■ RECORDS PROVIDED ■

────

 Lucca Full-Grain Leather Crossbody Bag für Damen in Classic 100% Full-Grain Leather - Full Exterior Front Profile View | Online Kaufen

────

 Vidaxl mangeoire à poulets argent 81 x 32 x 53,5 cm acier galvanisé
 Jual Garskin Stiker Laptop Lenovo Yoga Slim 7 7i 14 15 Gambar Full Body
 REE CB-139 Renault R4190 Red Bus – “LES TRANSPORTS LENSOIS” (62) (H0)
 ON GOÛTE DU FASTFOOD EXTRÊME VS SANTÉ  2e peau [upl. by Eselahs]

────

■ PROBLEM DESCRIPTION ■
Beginning at the line above with "Jual Garskin Stiker" and finishing at the line with "ON GOÛTE DU", return each line exactly and return nothing else.

■ SOLVED PROBLEM ■
 Jual Garskin Stiker Laptop Lenovo Yoga Slim 7 7i 14 15 Gambar Full Body
 REE CB-139 Renault R4190 Red Bus – “LES TRANSPORTS LENSOIS” (62) (H0)
 ON GOÛTE DU FASTFOOD EXTRÊME VS SANTÉ  2e peau [upl. by Eselahs]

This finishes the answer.